Es geht auf eine private Initiative von 2017 zurück. Zu ihr gehörten maßgeblich unter anderem die frühere Bundestagspräsidentin Rita Süssmuth (CDU), ihr späterer Amtsnachfolger Wolfgang Thierse (SPD), der Berliner Rabbiner Andreas Nachama und der ehemalige Direktor des Deutschen Polen-Instituts, Dieter Bingen. Damit griffen sie eine Anregung des 2015 verstorbenen Holocaust-Überlebenden und ehemaligen polnischen Außenministers Wladyslaw Bartoszewski auf. Bartoszewski wollte einen Ort in Berlin, an dem an die sechs Millionen polnischen Opfer der deutschen Besatzungsherrschaft erinnert wird.

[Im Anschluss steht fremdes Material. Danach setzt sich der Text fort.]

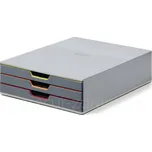 Zásuvkový box DURABLE VARICOLOR 3 stylový úložný box se 3-mi zásuvkami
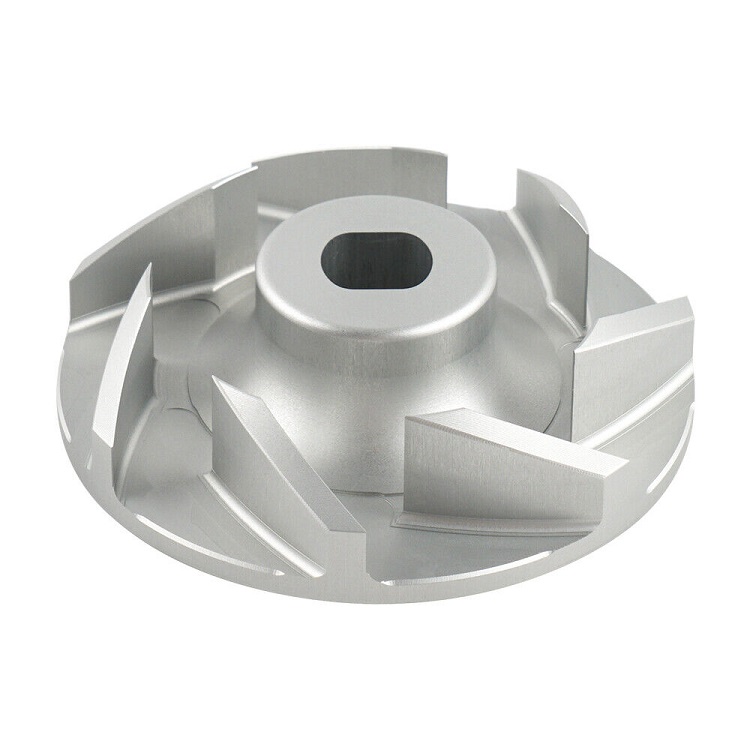CNC Machining Aluminum Impeller Water Pump Parts
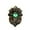 A, variant on One Eyed Doorbell Decoration LED Electric Light Emitting Sound Eye Doorbell Bar Secret Room Trick Props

Die Errichtung des temporären Gedenkortes als Zwischenlösung wurde maßgeblich vom Deutschen Polen-Institut in Darmstadt vorangetrieben, mit Unterstützung der Berliner Senatskanzlei. An der Einweihung nahmen neben den Initiatoren von 2017 auch viele Vertreter von Bund und Ländern teil. Aus Polen waren unter anderem die polnische Kulturministerin Hanna Wroblewska und der Vorsitzende der Polnisch-Deutschen Parlamentariergruppe im polnischen Parlament Sejm, Marek Krzakala, angereist.

Alle betonten, dass dieser Gedenkort nur ein erster Schritt sein könne. Kulturstaatsminister Wolfram Weimer (parteilos) sagte mit Blick auf den Findling: „Das ist kein Schlussstein, sondern eher ein Wegzeichen, das uns an unseren Auftrag erinnern soll.“ Berlins Regierender Bürgermeister Kai Wegner (CDU) betonte, „das kann heute nur ein Anfang sein“. Ein Deutsch-Polnisches Haus sei wichtig, besonders auch als Ort für die nachfolgenden Generationen.

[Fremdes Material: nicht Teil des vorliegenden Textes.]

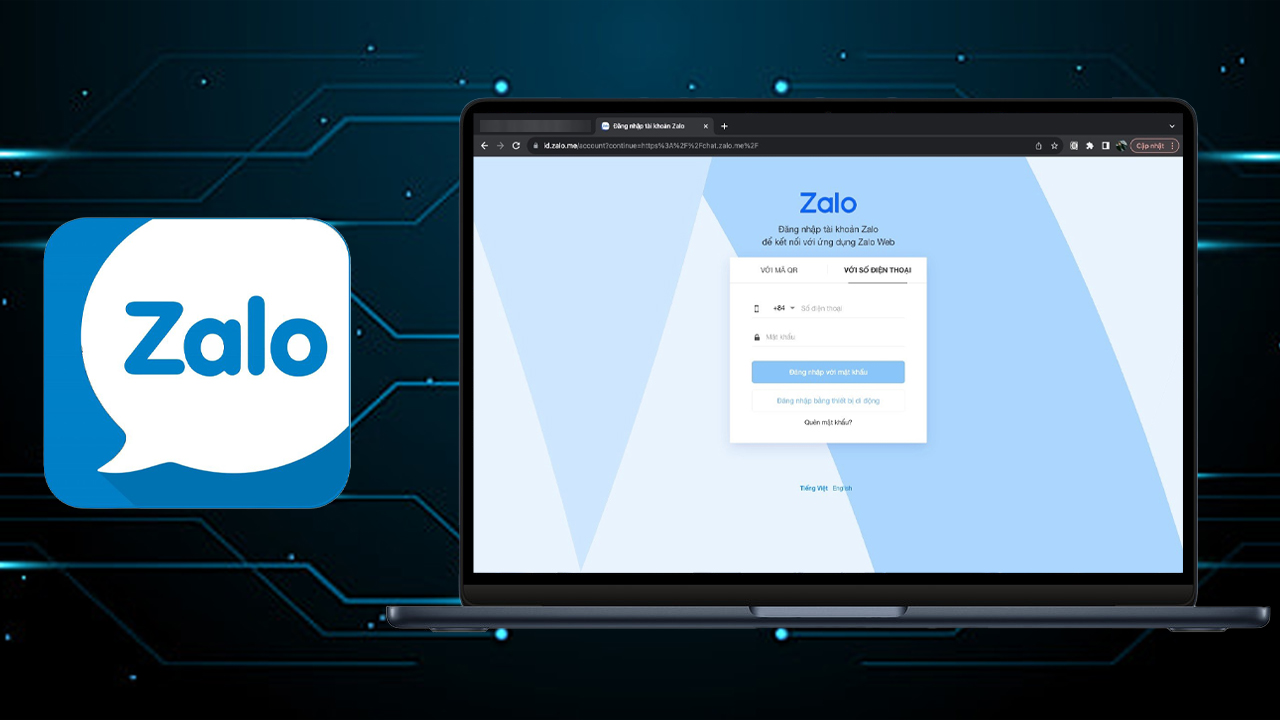 Zalo Web Version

Die frühere Bundestagspräsidentin Süssmuth sagte, sie wünsche sich, „dass wir jetzt das Tempo nicht verlangsamen“. Ihr Mitinitiator Thierse nannte den Findling einen „Stein des Anstoßes“: Jetzt müsse es weiter gehen.

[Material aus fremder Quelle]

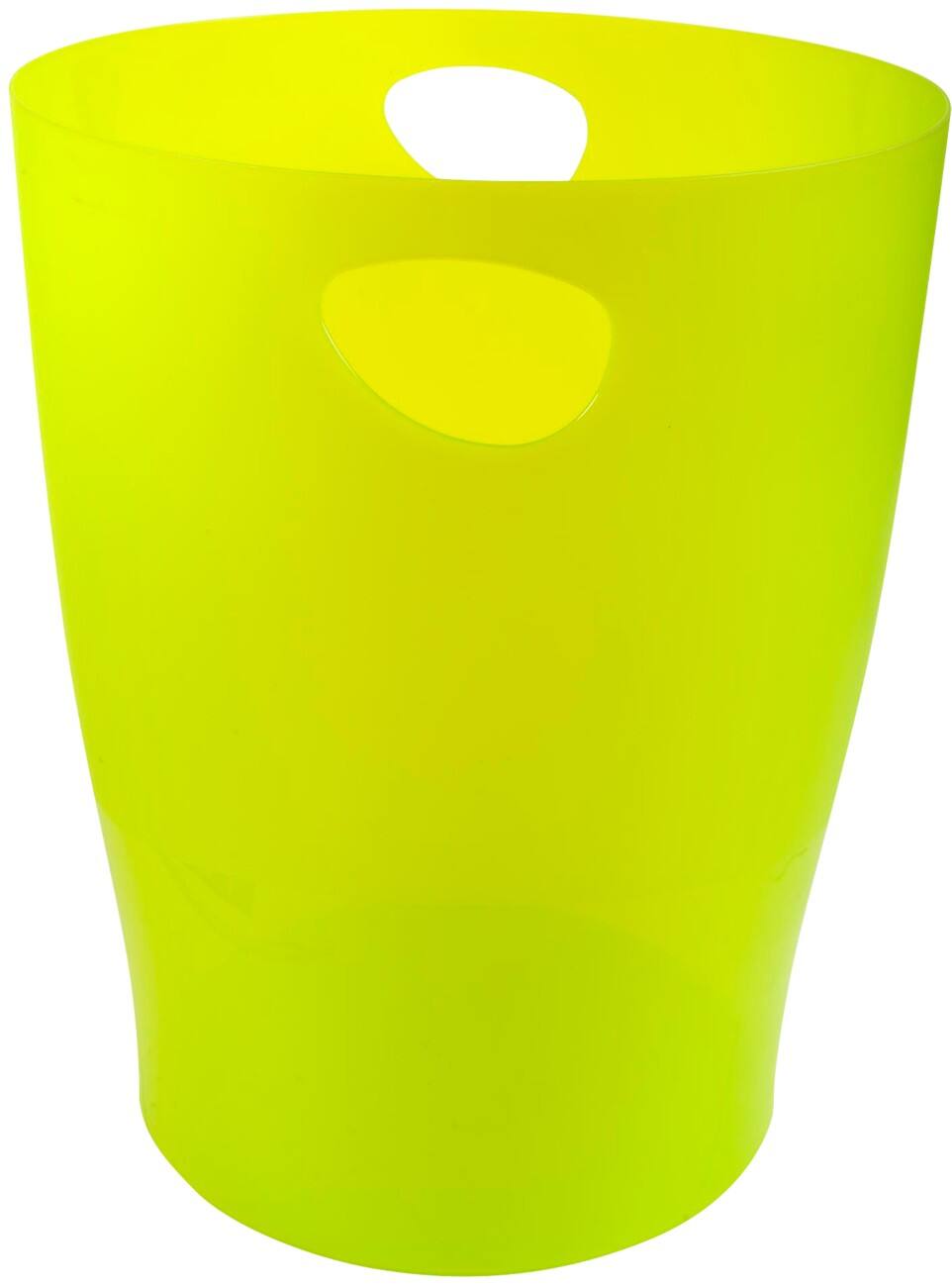 Exacompta  Prullenmand EcoBin 15LPolypropyleen Limoengroen 26,3 x 26,3 x 33,5 cm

Der Koordinator der Bundesregierung für die deutsch-polnische Zusammenarbeit, Knut Abraham (CDU), verwies auf große Wissenslücken hierzulande. Er sei immer wieder erschüttert über die Ahnungslosigkeit in Deutschland über die „schmerzhafte“ gemeinsame deutsch-polnische Geschichte.